Monday, September 28, 2020

Drop-F

Having started school in mid-August, we've already completed over 30 days, over a third, of the first semester.

Today I received an email from a student asking me to allow the student to drop my class with no penalty.  I declined.

We allow students to change/drop classes within the first 20 days of the semester.  After those first 20 days, students must stay in a class for the rest of the semester or else a "drop F" will show on their transcript.  The need for such a policy is simple and clear--if we let students drop classes after the first 20 days of a semester, students will drop classes like flies if their grades drop rather than putting in the effort they need to in order to pass.  We consider those first 20 days time enough for students and teachers to determine if students are in the correct course and to make necessary adjustments.  Yes, 20 days is an arbitrary deadline, but it's a published deadline that's known in advance.  As I suggested in this post, you play the game by the rules of the game as written before the start of the game.

Yes, I know that going to school on a computer is difficult.  Yes, I know that some people experience more stress than others in this teaching and learning environment.  Yes, I know our rules aren't written in stone.  Still, in today's case the reason boils down to "I'm not getting a good grade in class and it's stressing me out".  To me, that's not a sufficient reason to grant an exception to our school policy.  Low grades stress most students out!

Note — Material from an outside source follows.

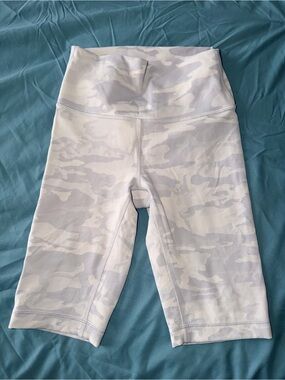 lululemon athletica White Camo Kids Bike Shorts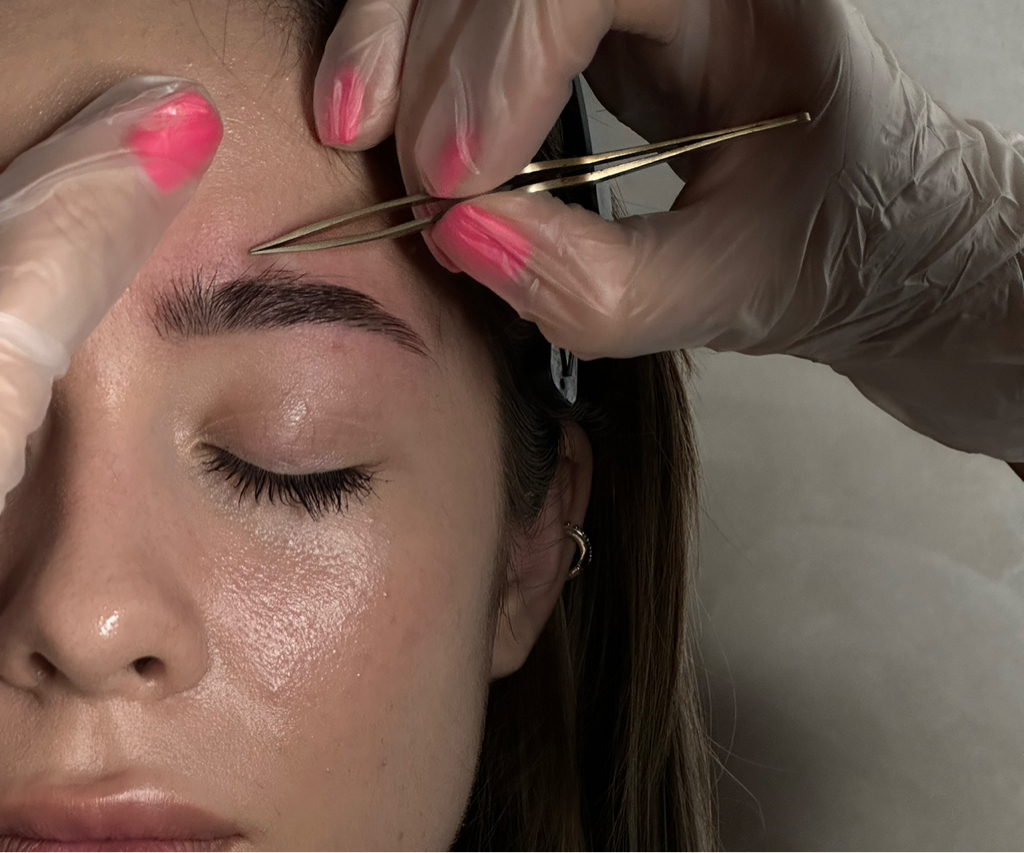 Коррекция и окрашивание бровей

There's no personal animus here, only consistency.  You might counter that "consistency is the hobgoblin of little minds", but I'd reply by noting that the actual quote is that "a foolish consistency is the hobgoblin of little minds".  Now any debate shifts to whether my reasoning above is foolish or not.

You can probably guess my opinion on that topic :-)

2 comments:

David said...

20 days seems fine to me. That is 4 weeks of school or 1 month if you include things like Labor Day. If one says 30 days is okay, why not 40 days? Then 50 days?
I do have to wonder how students fail a class besides sheer laziness. Yeah sometimes the work is too hard because they are in Calculus or an Honors class and that is known in the first 20 days so they should be able to drop it. However, my work is not that difficult and kids still fail my class. I had 8 students fail my class in the fall of last year; every single one failed at least 1 more class.

Jean said...

My 17yo just changed her two AP classes to regular old CP, so I guess you could say she dropped? I'm grateful that they let her do it. She is struggling to stay afloat in some pretty difficult circumstances, and the APs were killing her. She's still working hard. If school was in session, she could probably handle it.